Ah, Australia Day. For all its problematic origins as a national holiday, it has evolved its own traditions and rituals. The backyard barbecue. The firework displays. The ceremonial blast of the dog whistle by conservative politicians.

This year, Scott Morrison did the honours in a speech at the Menzies Centre for Australian Studies in London late last week. As The Australian reports, Morrison used the occasion to outline his vision of a “post-multiculturalism” approach that a Coalition government will use to “restore some balance by ensuring that we are more focused on what we have in common rather than how different we all are”.

It will achieve this end by a return to such features of the Howard era as recognition of (drumroll) “the supremacy of Australian values, the primacy of the English-language, respect for existing institutions and adherence to the rule of law”. A multicultural recognition of diversity apparently poses a threat to all these common goods.

Like his counterparts in Europe and North America, Morrison eschews “colour racism” in favour of “cultural racism”. Ethnic, racial and religious diversity are more than acceptable in contemporary Australia. Problems arise, however, with the emergence of “self-imposed cultural withdrawal” and disaffection with multiculturalism in “specific areas of high ethnic concentration”. (Did I hear the words “western suburbs of Sydney”? Or was that just the dog whistle again?)

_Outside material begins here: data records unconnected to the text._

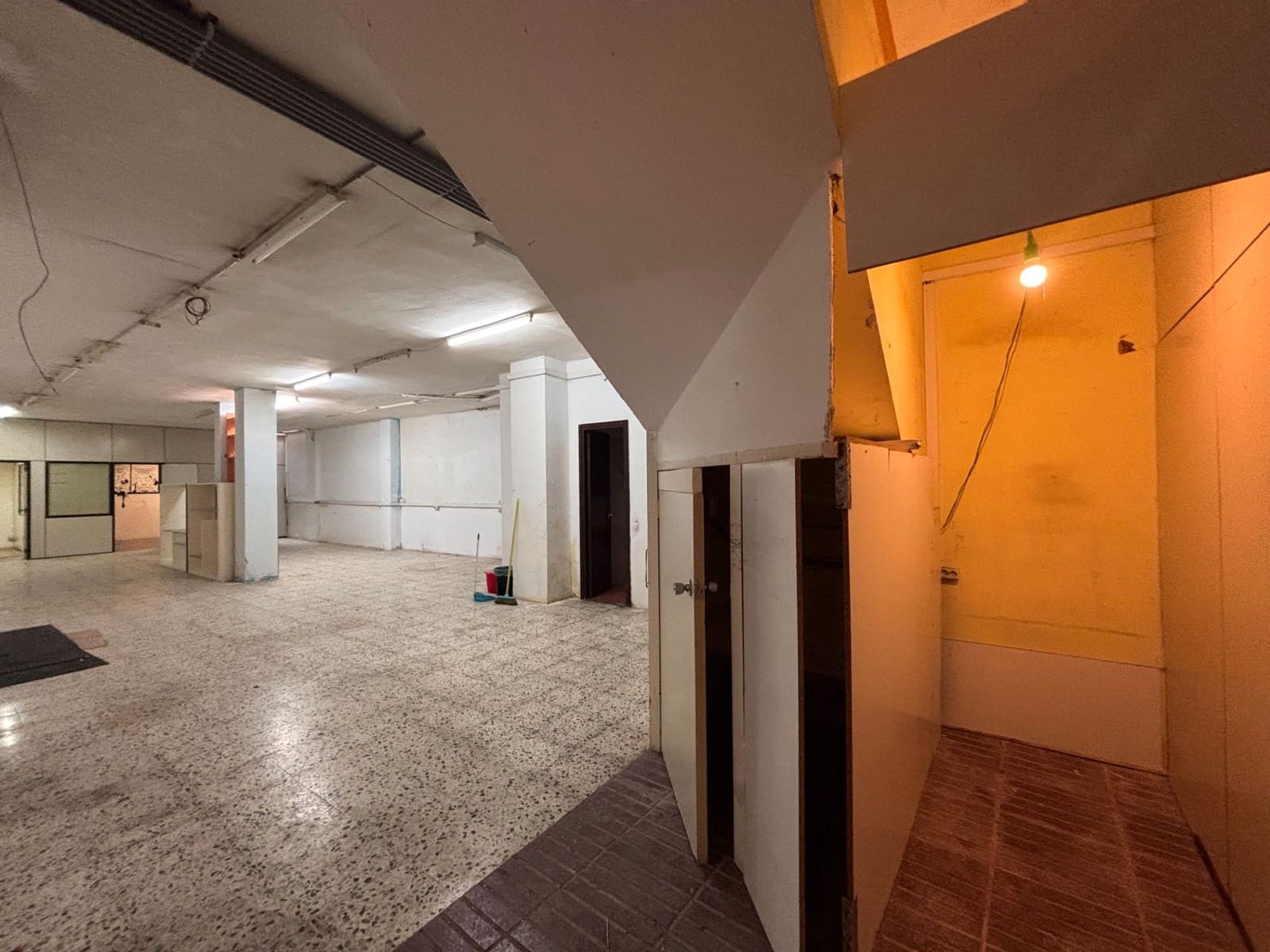 Commercieel te koop in Barcelona stad - € 229.000 (Ref: 9196293)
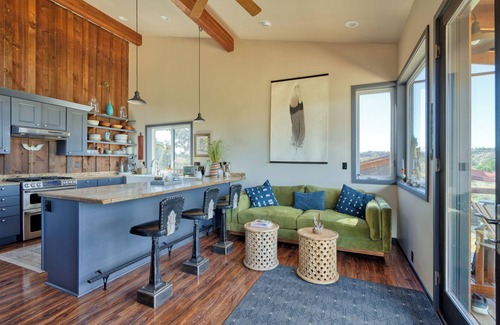 Crooked River Ranch House | River Canyon Eco-Barn - On 50 Acres Near Smith Rock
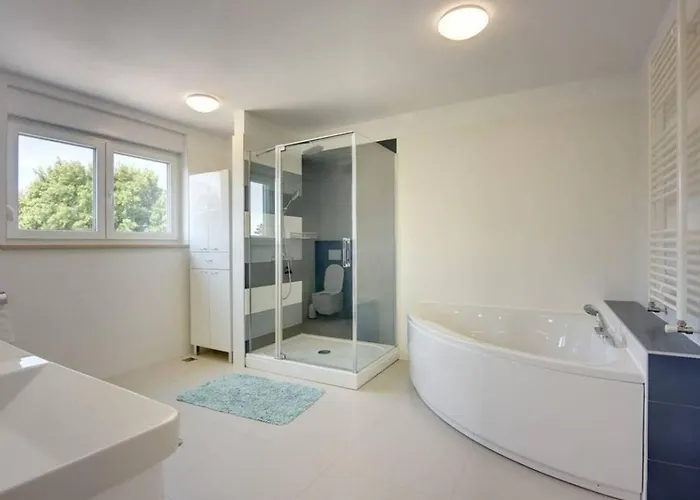 Grande T&d For 14 People Near With Sauna, Fitness & Heated Pool *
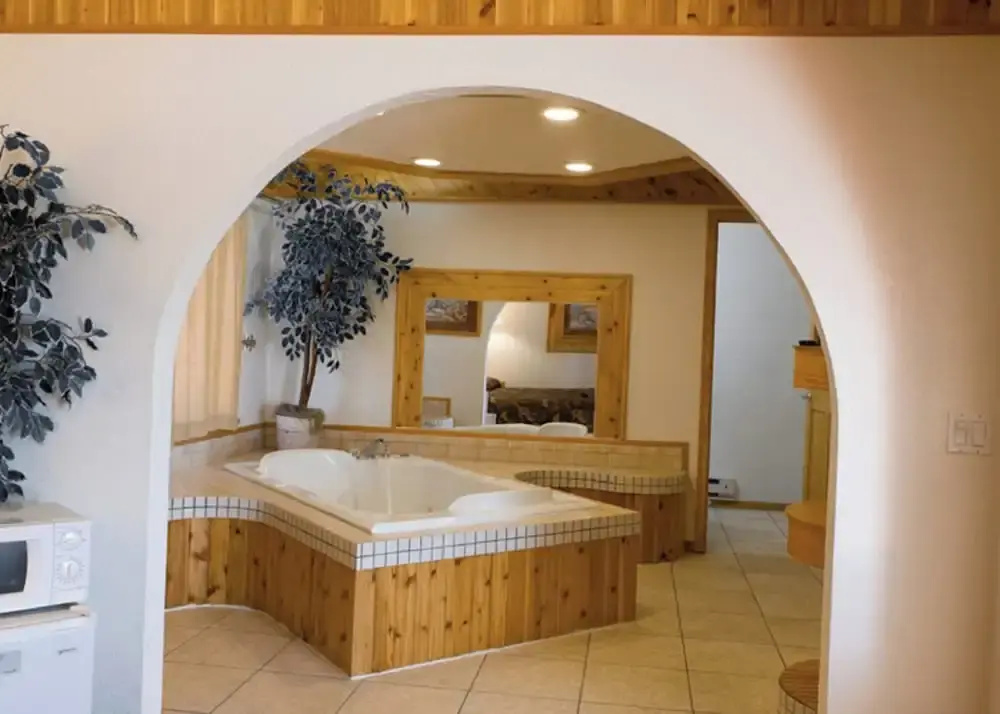 North Country Inn & Suites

Morrison doesn’t spell out which aspects of “diversity” would be considered acceptable under a more balanced post-multicultural regime, but I’m guessing he subscribes to the consensus view that multiculturalism has had a beneficial effect on the Australian diet. (Sharia tribunals? No thanks. Homous and baklava? More, please.) Even those most ardent racists participate in the multiculturalism of consumption.

But while enjoying our pizza and laksa, we need to “send a message” that such tolerance “is not a licence for cultural practices that are offensive to the cultural values and laws of Australia and that our respect for diversity does not licence: the primacy of the English language”.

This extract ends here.